Meadows testifies at the Senate Committee on the Role of Native American Code Talkers n US Military History in Washington, D.C. in 2004.

William Meadows teaches a number of anthropology courses at Missouri State University; however, one class he teaches that stands out is ANT 390 Native American Code Talkers.

During World War I, the Germans monitored the U.S. open-air communications. Despite the U.S. having codes made up already, they needed to find a new way to communicate quickly but efficiently, which eventually led them to look to Native American culture. The Native Americans’ spoken language would soon be used as the new code. The American Indians would become “code talkers,” according to Meadows’ book “The First Code Talkers.”

These were mostly unknown languages to the rest of the world, according to Meadows. 

In the late ‘80s to early ‘90s, Meadows was working on his dissertation for a different topic when he heard about the Native American Code Talkers and what they contributed to World War II. 

“I started looking around and I found out there was nothing written on the Comanche.
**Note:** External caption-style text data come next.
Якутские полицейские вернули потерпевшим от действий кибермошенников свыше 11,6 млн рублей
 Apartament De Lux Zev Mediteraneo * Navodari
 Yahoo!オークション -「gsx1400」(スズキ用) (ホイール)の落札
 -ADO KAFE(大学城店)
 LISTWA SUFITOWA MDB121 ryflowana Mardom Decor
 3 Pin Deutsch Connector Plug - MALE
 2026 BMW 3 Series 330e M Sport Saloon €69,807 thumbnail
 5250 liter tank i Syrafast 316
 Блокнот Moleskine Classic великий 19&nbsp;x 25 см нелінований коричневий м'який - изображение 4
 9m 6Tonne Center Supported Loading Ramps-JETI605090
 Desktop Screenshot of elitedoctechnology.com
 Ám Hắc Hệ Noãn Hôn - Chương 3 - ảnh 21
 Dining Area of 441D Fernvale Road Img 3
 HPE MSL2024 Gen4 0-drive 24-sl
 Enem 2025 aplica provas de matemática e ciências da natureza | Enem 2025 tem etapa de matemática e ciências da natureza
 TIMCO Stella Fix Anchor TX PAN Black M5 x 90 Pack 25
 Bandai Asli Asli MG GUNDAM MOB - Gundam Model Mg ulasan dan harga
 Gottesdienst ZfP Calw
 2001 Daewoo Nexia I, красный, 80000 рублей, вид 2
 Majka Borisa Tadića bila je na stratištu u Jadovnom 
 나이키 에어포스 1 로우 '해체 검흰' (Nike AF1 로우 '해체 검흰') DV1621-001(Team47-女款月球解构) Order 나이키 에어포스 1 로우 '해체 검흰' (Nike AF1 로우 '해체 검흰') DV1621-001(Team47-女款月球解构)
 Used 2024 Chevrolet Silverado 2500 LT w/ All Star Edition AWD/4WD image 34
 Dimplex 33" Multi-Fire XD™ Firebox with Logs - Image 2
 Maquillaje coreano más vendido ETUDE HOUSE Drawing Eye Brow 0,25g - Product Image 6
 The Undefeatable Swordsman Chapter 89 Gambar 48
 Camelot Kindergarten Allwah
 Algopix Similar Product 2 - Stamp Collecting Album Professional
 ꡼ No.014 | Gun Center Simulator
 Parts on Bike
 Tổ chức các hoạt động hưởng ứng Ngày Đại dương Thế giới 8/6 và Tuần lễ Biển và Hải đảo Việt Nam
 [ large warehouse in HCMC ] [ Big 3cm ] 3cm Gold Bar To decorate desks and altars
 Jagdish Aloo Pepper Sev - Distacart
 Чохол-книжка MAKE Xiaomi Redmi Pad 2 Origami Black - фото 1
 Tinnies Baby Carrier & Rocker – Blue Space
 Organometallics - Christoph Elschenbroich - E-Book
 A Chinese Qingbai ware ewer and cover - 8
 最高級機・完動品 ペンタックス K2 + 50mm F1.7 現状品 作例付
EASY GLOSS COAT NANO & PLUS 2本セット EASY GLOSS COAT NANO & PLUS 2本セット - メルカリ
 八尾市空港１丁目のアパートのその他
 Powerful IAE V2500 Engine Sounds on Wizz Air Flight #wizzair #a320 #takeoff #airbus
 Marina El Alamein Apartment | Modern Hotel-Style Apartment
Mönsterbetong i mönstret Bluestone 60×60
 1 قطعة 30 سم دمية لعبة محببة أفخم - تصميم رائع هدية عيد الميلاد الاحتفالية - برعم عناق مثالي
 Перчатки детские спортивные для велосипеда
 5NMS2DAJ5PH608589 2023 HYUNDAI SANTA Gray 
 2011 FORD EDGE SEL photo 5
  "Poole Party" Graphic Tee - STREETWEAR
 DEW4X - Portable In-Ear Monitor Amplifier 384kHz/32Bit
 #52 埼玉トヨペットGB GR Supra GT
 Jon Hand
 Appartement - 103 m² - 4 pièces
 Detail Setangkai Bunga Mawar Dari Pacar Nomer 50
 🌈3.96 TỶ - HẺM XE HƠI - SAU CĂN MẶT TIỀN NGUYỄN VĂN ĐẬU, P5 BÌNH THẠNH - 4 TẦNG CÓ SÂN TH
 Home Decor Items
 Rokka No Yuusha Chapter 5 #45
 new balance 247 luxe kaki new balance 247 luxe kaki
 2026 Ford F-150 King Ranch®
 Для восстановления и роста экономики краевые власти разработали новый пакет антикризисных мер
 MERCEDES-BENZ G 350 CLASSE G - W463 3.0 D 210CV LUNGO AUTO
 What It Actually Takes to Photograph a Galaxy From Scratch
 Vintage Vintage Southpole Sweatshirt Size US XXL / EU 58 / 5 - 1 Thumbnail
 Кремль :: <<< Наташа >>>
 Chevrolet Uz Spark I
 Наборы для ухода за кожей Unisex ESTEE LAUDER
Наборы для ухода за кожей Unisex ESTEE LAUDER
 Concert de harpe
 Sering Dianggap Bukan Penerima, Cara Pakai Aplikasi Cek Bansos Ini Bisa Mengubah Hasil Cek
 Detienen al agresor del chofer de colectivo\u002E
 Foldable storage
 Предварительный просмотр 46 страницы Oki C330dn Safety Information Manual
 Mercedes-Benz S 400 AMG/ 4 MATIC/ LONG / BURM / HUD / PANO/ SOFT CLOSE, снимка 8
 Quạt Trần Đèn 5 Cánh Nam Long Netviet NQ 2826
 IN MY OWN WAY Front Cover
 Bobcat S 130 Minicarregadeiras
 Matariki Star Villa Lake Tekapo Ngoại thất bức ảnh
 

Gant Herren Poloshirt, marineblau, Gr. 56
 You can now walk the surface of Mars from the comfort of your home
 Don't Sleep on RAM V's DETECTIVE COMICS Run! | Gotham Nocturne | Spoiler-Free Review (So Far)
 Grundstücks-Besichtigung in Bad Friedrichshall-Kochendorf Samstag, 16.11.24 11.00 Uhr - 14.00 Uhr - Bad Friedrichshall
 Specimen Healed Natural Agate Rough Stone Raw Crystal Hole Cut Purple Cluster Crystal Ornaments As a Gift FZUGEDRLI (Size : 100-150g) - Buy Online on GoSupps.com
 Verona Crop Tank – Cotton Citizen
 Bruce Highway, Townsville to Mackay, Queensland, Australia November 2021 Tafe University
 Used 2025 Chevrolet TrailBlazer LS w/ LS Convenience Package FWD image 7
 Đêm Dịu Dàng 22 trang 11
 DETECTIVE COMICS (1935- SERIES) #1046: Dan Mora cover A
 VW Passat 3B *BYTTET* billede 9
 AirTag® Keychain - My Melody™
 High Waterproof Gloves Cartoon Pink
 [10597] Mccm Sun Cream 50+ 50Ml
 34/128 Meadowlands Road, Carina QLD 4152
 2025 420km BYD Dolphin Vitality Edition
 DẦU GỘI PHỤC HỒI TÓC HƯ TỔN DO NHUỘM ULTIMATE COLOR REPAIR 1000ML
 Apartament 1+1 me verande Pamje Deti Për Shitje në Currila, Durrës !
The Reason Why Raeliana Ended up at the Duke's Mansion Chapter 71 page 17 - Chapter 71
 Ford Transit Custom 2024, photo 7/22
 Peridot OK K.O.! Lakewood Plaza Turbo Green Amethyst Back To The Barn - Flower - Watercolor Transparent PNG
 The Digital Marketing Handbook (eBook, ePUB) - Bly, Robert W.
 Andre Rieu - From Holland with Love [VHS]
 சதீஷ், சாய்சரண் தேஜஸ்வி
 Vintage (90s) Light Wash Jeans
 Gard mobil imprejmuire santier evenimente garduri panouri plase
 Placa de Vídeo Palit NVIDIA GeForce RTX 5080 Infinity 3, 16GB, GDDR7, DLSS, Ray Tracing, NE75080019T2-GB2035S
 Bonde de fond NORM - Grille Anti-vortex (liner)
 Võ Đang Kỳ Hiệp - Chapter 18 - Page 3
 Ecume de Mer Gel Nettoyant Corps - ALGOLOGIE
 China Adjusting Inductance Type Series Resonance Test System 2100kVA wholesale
Everything was about the Navajo,” Meadows said. “I got in touch with the other guys (Comanche code talkers). There were still about four or five of them alive at that time, and their training officer was alive. I just started interviewing them all, and I realized they were all mid 70s at that time, so I knew they wouldn’t be here forever. So, I just went ahead and did it while I was doing my dissertation.”

Since then, Meadows' work has continued to grow within the topic of Native American Code Talkers. 

Within his first year of working at MSU, Meadows received a call from Senator Tom Dachle, who asked him to come and present any information he knew about the code talking group to a Senate Committee. 

“Somebody wrote up legislation, proposed it and four years later we got the Code Talkers Recognition Act passed in 2008,” Meadows said. “What that did was — the Navajo had already been awarded in 2000 and 2001 — gave equal recognition to all the other groups that had code talkers.” 

According to Elizabeth Sobel, associate professor in the department of sociology and anthropology, without Meadows information and help, the Code Talkers Recognition Act might not have happened or if it had it might not have been as comprehensive. 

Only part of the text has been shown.